NSA needs you to have your say on Defra consultation on Improvements to Animal Welfare in Transport
27th January 2021
NSA is delighted to report that industry wide efforts have led to an extension in the original 8-week Defra consultation on Improvements to Animal Welfare in Transport. We now have until 25th of February to fully assess the impact of the proposed changes. This brings the England / Wales only consultation in line with the 12-week deadline allowed for a similar consultation being issued in Scotland.
NSA Chief Executive Phil Stocker comments: “We are thrilled to hear that our efforts have not been ignored and we have been allowed a little more time to submit a more accurate response to such a critical consultation. We now have time to fully assess the impact of any proposed changes and it grants us time to confer with other industry bodies, for a fully rounded response. We’d encourage all sheep farmers to take part and have your say – the more responses we can get in our favour, the better.”
For those who don’t wish to complete the whole consultation, NSA has highlighted the key areas would impact most significantly on the sheep sector.
- Banning of live exports for slaughter/fattening (Q5-9) – NSA does not feel it would be right to suggest which way you respond to this. Our response will state that while we would not oppose measures to ensure high welfare conditions in lambs live exported for slaughter or further finishing, we do not believe it is right to close the door on this trade. In terms of welfare conditions in transport, there is no difference in requirements for transporting breeding and slaughter stock and we cannot see the justification for banning one class of animals. NSA would welcome proper and consistent enforcement of the regulations.
- Maximum Journey Times (Q10) – The key point for many farmers is what constitutes a journey. For sheep sold through markets or collection centres a journey currently starts when sheep leave there to travel to an end destination. Defra are proposing that a journey starts from when sheep leave the farm, including the time spent at market/in a collection centre, and also the onward journey. If the proposed 21-hour limit is reached animals would need to be rested for 48 hours before continuing. While this is a suggestion from FAWC they also accept there is inadequate research or evidence to support making this change. NSA encourages a response that states you understand there is no evidence to support this proposal. NSA urges you to respond to Q13 and Q14 if this directly impacts your business.
- Temperature ranges (Q19) – A ban is proposed on all journeys where external temperature fall outside 5-30oC (with a variance tolerance built in). Our industry prides itself on being outdoor and extensive in nature, with sheep that are known to cope well with temperatures of -10C. It would also be completely impractical and cause unmanageable problems at abattoirs. NSA does accept that heat stress can be a problem, but encourages a response that says this proposal is unnecessary, impractical, and that there is no evidence of any benefits to sheep welfare. NSA urges you to respond to Q20 if this directly impacts your business.
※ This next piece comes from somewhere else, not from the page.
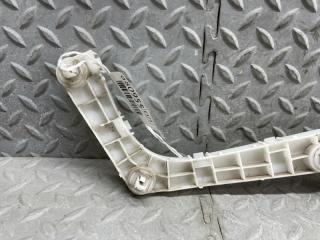 Крепеж бампера левый задний MITSUBISHI DELICA D:5 CV5W 4B12 2M8D 5 ракурс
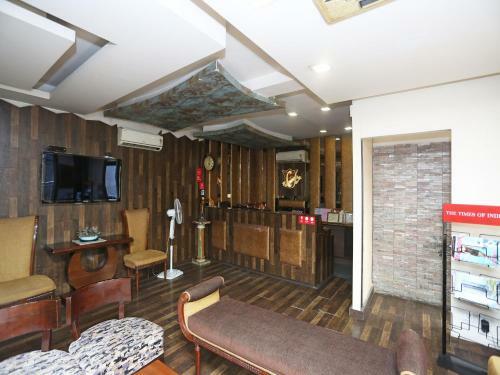 Hotel Clark Heights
- Headroom (Q27) – The consultations are proposing a minimum headroom of 22cm for sheep which would result in many of our livestock trailers and lorries not meeting minimum requirements. No account is taken of breed or age variation and few trailers or decks are variable in their settings. Adequate ventilation and air flow are important for good welfare but there is insufficient research or evidence to make any decisions on this without further work. NSA encourages responses that suggest no decisions should be taken until further evidence is available. NSA urges you to respond to Q29 if this directly impacts your business.
It has been confirmed that journeys of less than 65km are exempt from the proposals, but they apply to all journeys in excess of 65km, including pedigree sales and shows. It is worth noting that the data used to advise these proposed legislation changes stems from limited scientific evidence that is incomplete. Joint industry efforts have led to an extension in the deadline being granted.
NSA’s full consultation response will be shared as soon as it becomes available.